[Image-caption web data]
--------------------------------

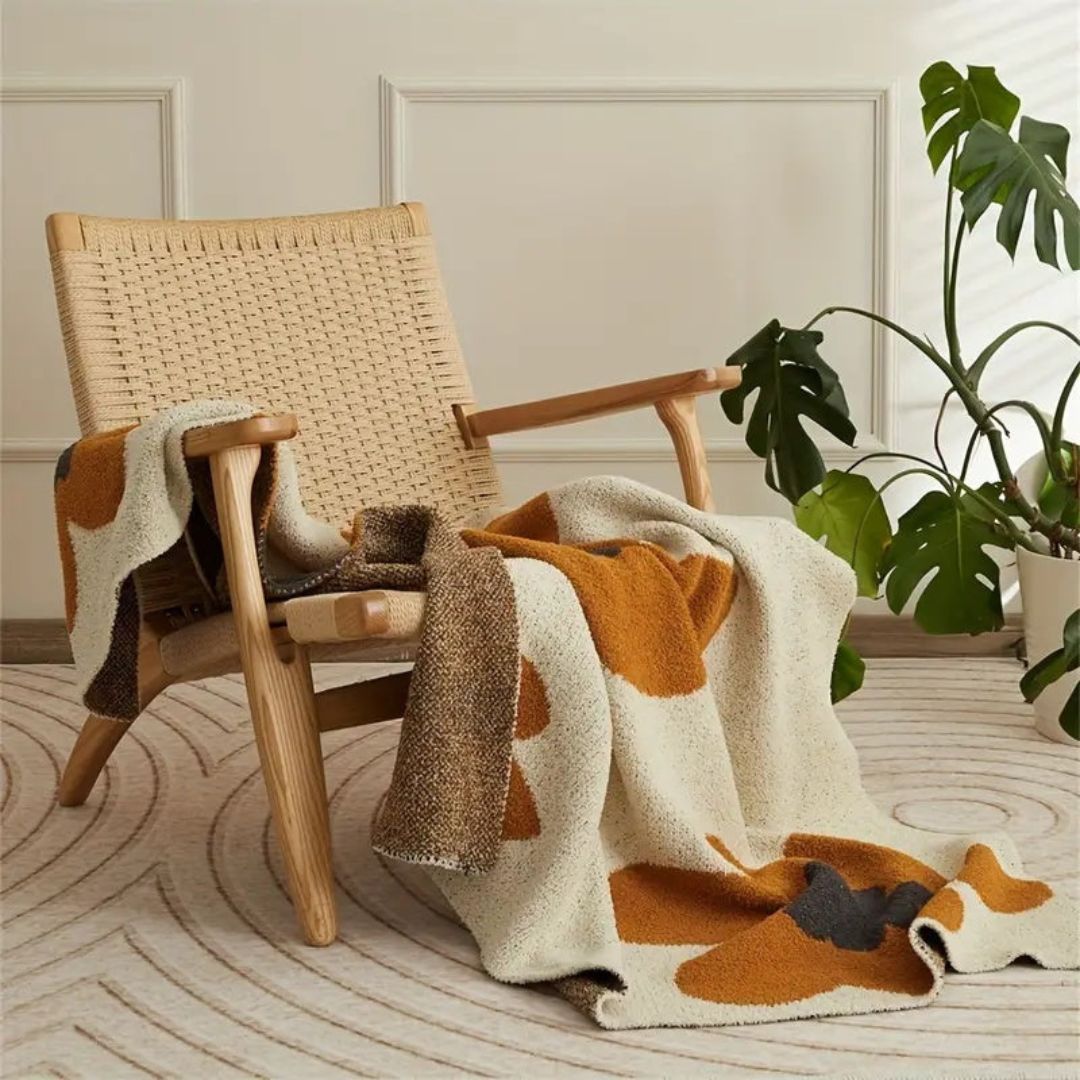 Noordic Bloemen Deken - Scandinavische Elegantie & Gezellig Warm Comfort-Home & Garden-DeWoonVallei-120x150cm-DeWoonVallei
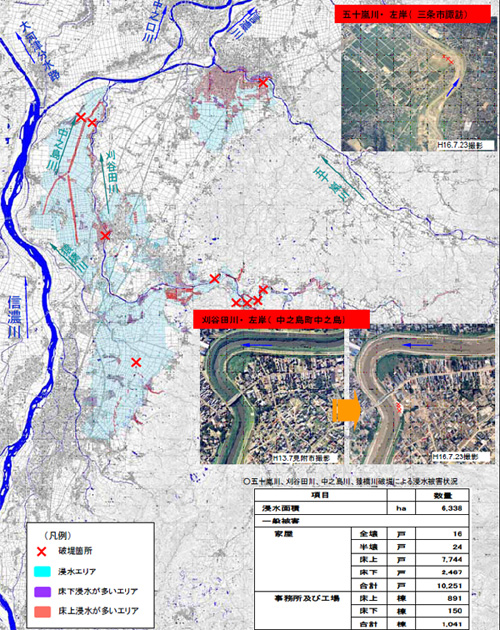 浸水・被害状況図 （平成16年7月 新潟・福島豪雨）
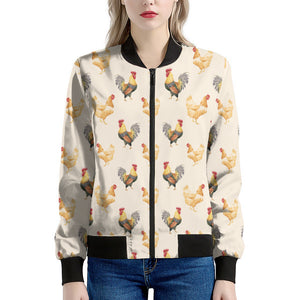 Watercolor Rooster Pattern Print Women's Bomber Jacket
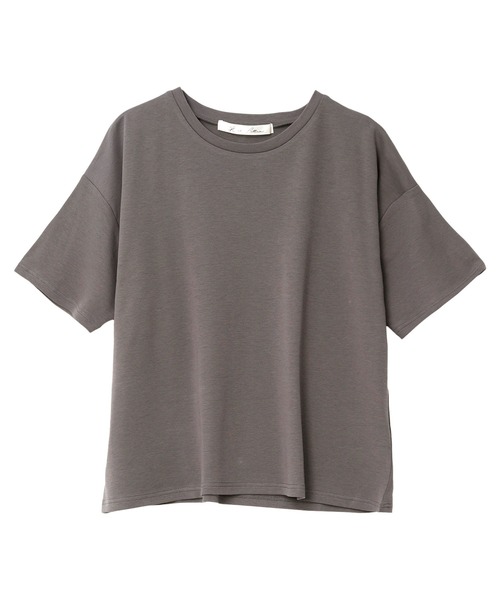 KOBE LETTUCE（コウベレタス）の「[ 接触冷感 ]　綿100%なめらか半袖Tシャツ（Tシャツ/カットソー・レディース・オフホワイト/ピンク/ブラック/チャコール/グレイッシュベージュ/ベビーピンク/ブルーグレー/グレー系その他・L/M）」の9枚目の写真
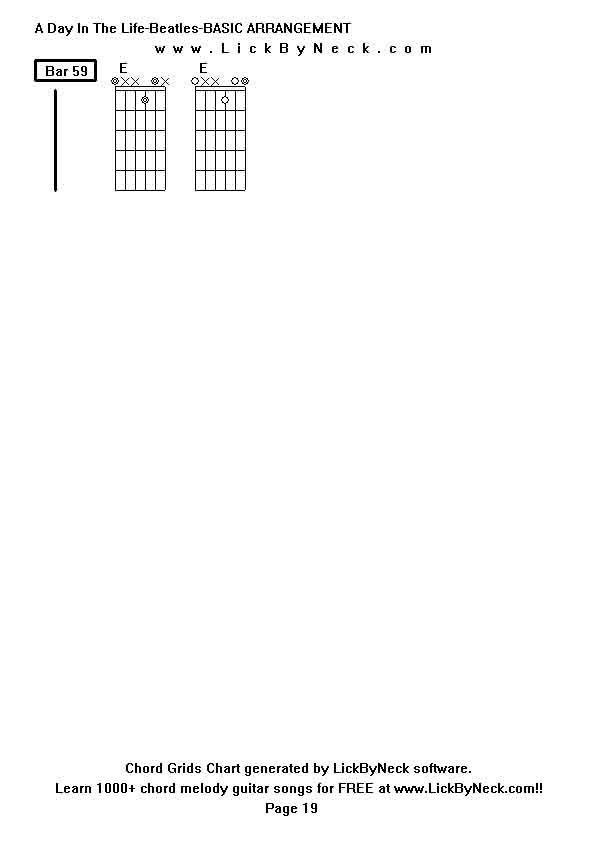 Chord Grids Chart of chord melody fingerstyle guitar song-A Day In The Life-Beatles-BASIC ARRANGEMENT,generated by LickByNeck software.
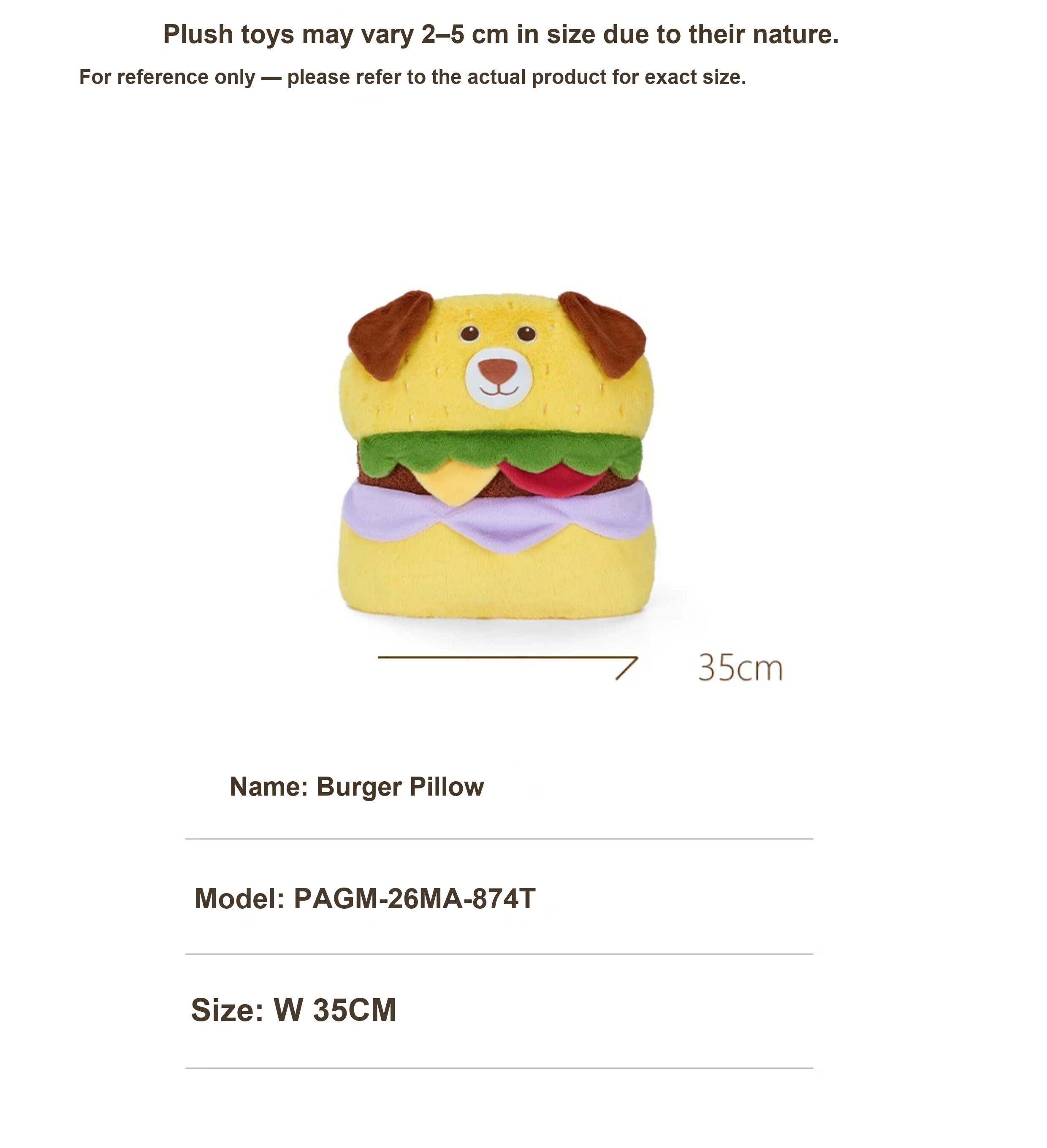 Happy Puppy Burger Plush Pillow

--------------------------------

From the line containing "Chord Grids Chart" through the last line of the entries, both included, print each line exactly and omit any picture.

• _Answer to the problem_
 Chord Grids Chart of chord melody fingerstyle guitar song-A Day In The Life-Beatles-BASIC ARRANGEMENT,generated by LickByNeck software.
 Happy Puppy Burger Plush Pillow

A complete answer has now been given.